犯人の男は自閉症という障害を持っていたようですが、メディアで報道される
こともなく、裁判は「自閉症」という障害を認めずに進行していく様を丹念に
追っています。
障害者だから減刑されるべき、という論調にあるのではなく、被害者遺族の
感情にも寄り添いながら、障害を持つ者が事件当事者となった場合の公平な
裁判のあり方、について考察しながら論を進めています。
愛されて育ちながら突然生命を奪われた女子大生と、この事件によって
見いだされ、福祉の手当てを受けながら短い生を終えた、末期ガンを抱えた
レッサーパンダ男の妹。
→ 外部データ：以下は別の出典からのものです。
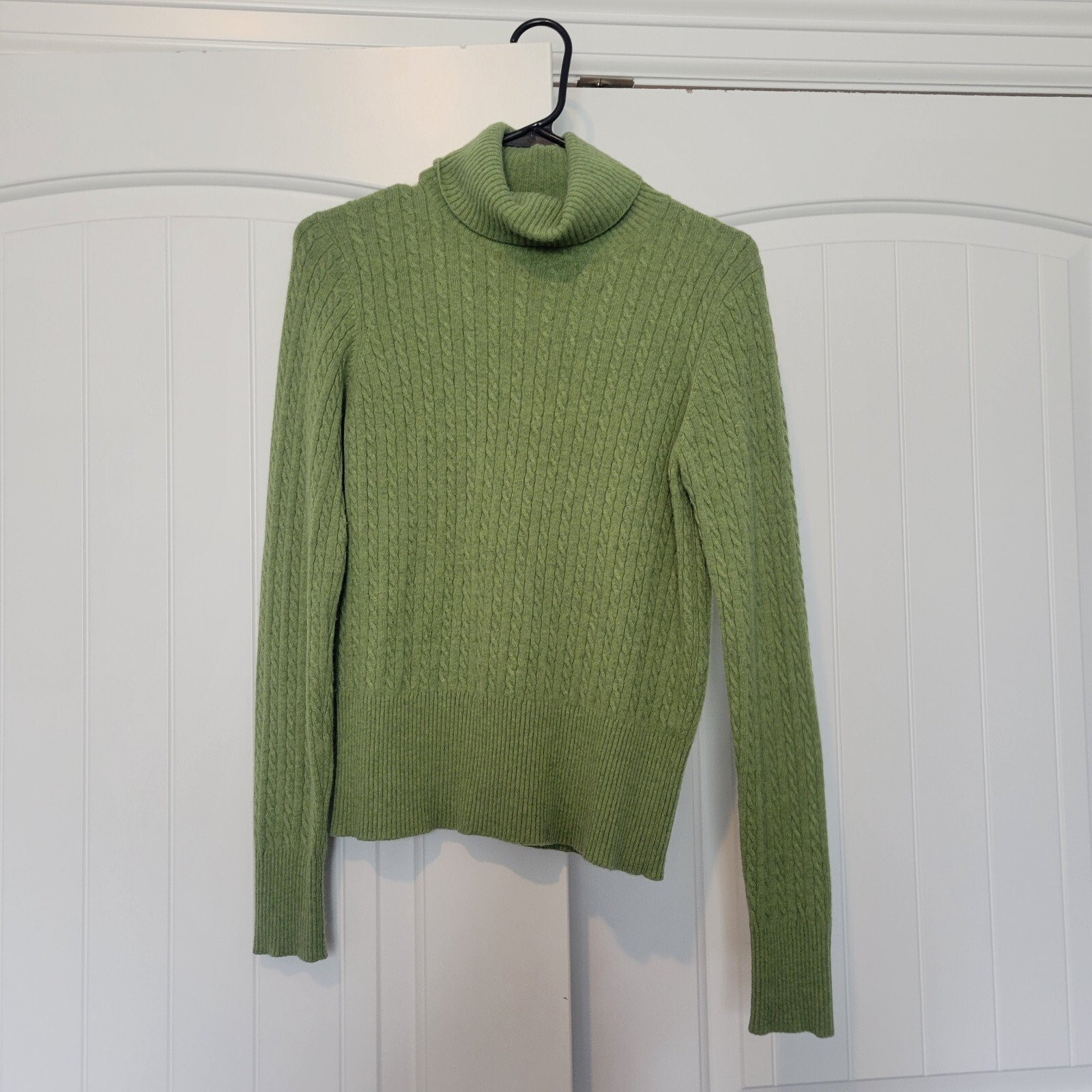 Mariele Waithe 100% Cashmere Turtleneck Pullover Sweater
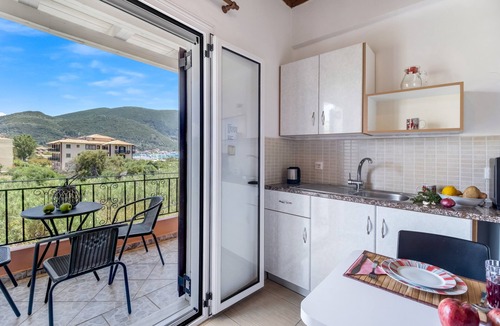 Vassiliki Apartment | Apartment "Studio Rea" with Sea View, Garden & Wi-Fi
この二人の女性の存在がなんとも運命的です。
総じて「渾身のドキュメンタリー」という感がありますが、残念なのは文中にちらちらとその
影を認めつつ、最後まではっきりとは書かれなかった、被告人が「ある人と知り合ってから
(自分は)変わった」「結婚したい」と言っている女性の存在です。
まあプライバシーの問題もあるでしょうし、弁護団や支援団体と意見が合わなかったのかどうか
判りませんが、この女性の存在はおそらく大きな影響を持っていたであろうと想像され、
そのあたりについて言及がないのは残念です(文庫版後書きには少し出てきます)。
しかしこの手のドキュメンタリーで共通してあぶり出されるのは、ひとつは「裁判」そのものの
ありかたで、つまり「裁判」とは真実を明らかにして罪の重さを「刑罰」にあてはめるもの
ではなく、より重い罪を追求する検察側とより軽い罪を目指す弁護側との闘いであって、
その闘いの前に「真実」は下手をすると作り替えられもする、ということです。
それからメディア。
この本でもメディアの報道についての批判が書かれていますが、最近のメディアに関わる人たち
は、このような批判を見ても何とも思わないんじゃないかしら。
ひと昔前のメディアに関わる人間であれば、激怒しそうなことでも、
「だって世間がそうなんだから仕方ない」とか平気で言いそうな気がする。
現在のメディアは、そのくらい末期的なんじゃないかと思ってしまうのです。
つまり、現代はコマーシャリズムはあっても、メディアは既に死んでいるのではないか、と。